• EXERCISE INSTRUCTIONS: Your answer should hold exactly the lines beginning with the one that contains "#观赏鱼 #dou上热门 @抖加🔥上热门🔥dou+🔥热点宝" and ending with the last line of the material, both included. Leave every picture out.

• DATA EXTRACT:
┄┄┄┄┄┄┄┄┄┄┄┄┄┄┄┄┄┄┄┄

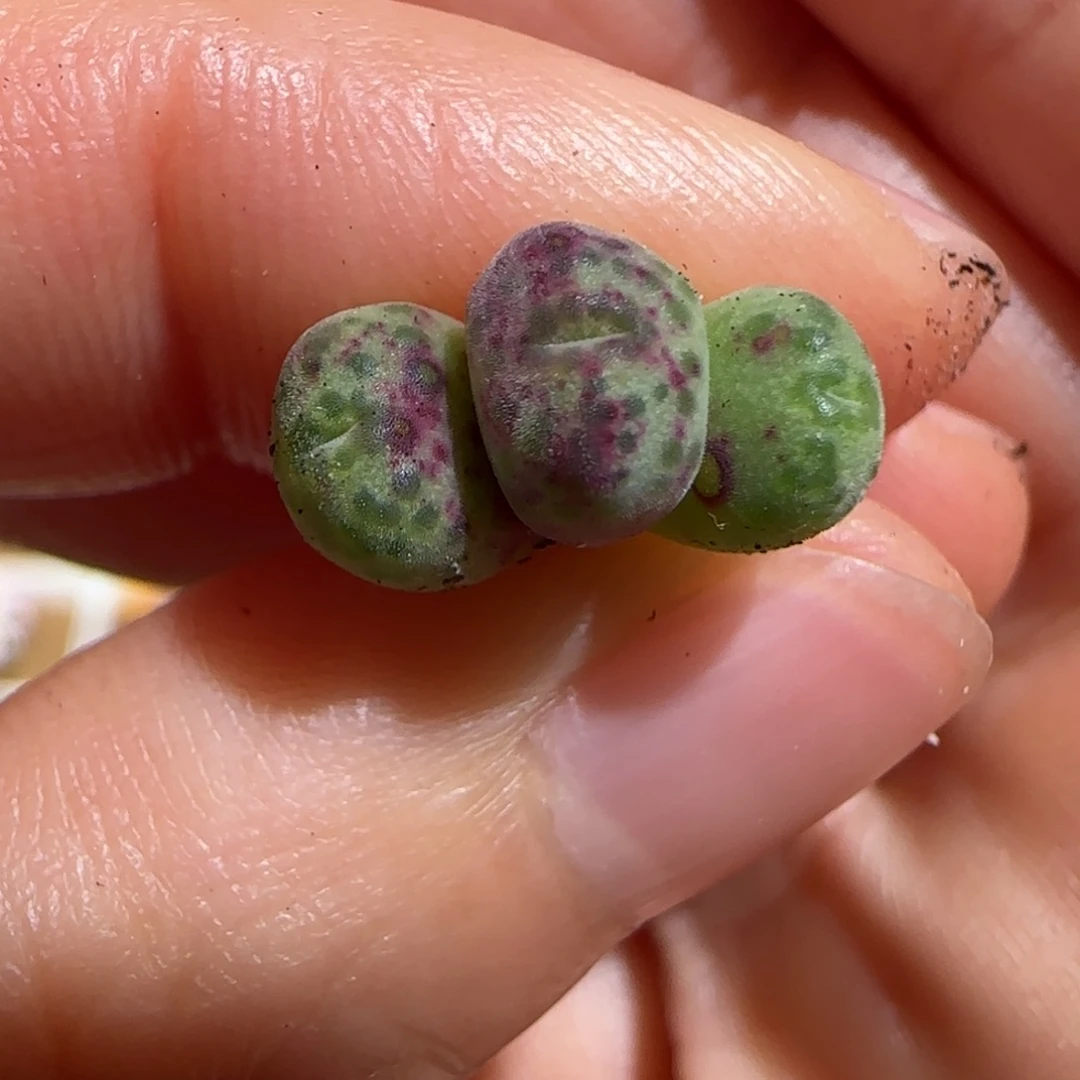 肉锥多肉植物组合-斑马379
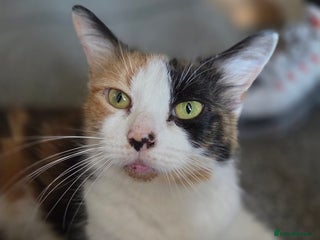 Domestic Shorthair cats Beautiful kittens - Advert 1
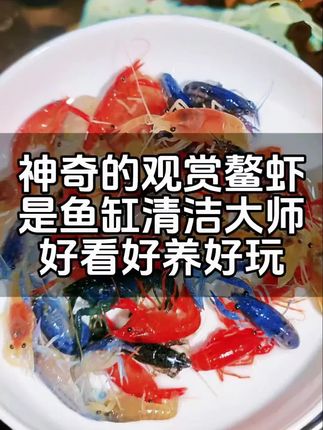 五彩鳌虾 怕养不好观赏虾?五彩鳌虾是“耐造王者”!不用复杂造景,常温水质就能活,平时喂点虾粮就行,连新手都能轻松养出满缸鲜活,再也不用为“养死虾”emo!#强烈推荐 #上热门 #养鱼日记 #观赏鱼 #dou上热门 @抖加🔥上热门🔥dou+🔥热点宝
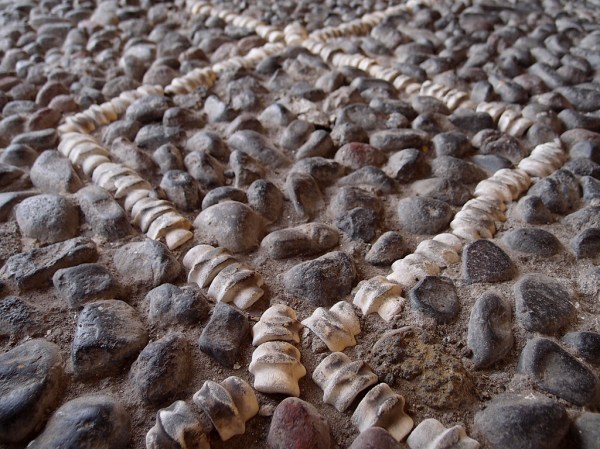 Beautiful cobblestone sidewalks inlaid with vertebrae of some sort. Beautiful cobblestone sidewalks inlaid with vertebrae of some sort.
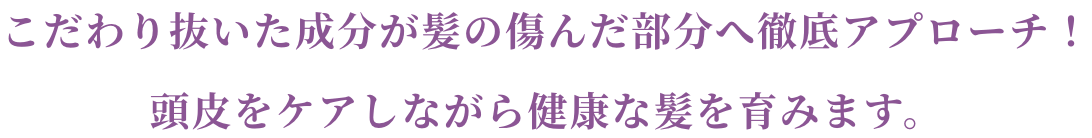 コラシルク18シリーズはとことん髪の「補修」にこだわる。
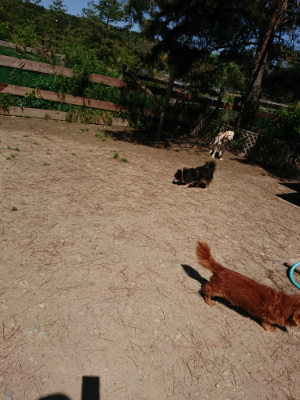 f:id:roukenhome-ann:20190509135827j:plain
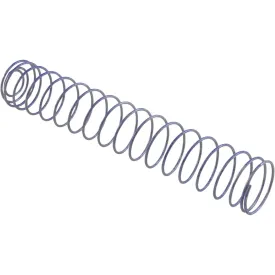 Raypak Bypass Spring 011602F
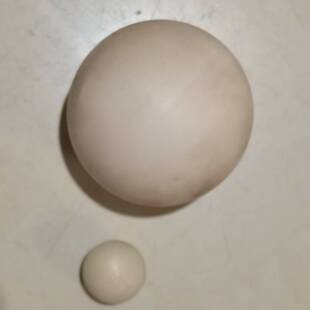 ��ӺY���z��ߏ����������z�����ܼӹ������μ�����������������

┄┄┄┄┄┄┄┄┄┄┄┄┄┄┄┄┄┄┄┄

• RESULT:
 五彩鳌虾 怕养不好观赏虾?五彩鳌虾是“耐造王者”!不用复杂造景,常温水质就能活,平时喂点虾粮就行,连新手都能轻松养出满缸鲜活,再也不用为“养死虾”emo!#强烈推荐 #上热门 #养鱼日记 #观赏鱼 #dou上热门 @抖加🔥上热门🔥dou+🔥热点宝
 Beautiful cobblestone sidewalks inlaid with vertebrae of some sort. Beautiful cobblestone sidewalks inlaid with vertebrae of some sort.
 コラシルク18シリーズはとことん髪の「補修」にこだわる。
 f:id:roukenhome-ann:20190509135827j:plain
 Raypak Bypass Spring 011602F
 ��ӺY���z��ߏ����������z�����ܼӹ������μ�����������������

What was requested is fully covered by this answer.